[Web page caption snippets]
>>>

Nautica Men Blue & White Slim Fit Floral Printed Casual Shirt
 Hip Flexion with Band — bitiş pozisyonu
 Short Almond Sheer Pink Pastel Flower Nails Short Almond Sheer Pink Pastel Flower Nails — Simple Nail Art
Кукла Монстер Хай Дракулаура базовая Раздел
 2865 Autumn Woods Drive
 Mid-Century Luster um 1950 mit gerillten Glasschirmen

<<<

:: Work item ::
The answer should be nothing more than the lines from the one with "Short Almond Sheer Pink Pastel Flower Nails Short" through the end of the entries, restated word for word.

:: Response to the task ::
 Short Almond Sheer Pink Pastel Flower Nails Short Almond Sheer Pink Pastel Flower Nails — Simple Nail Art
Кукла Монстер Хай Дракулаура базовая Раздел
 2865 Autumn Woods Drive
 Mid-Century Luster um 1950 mit gerillten Glasschirmen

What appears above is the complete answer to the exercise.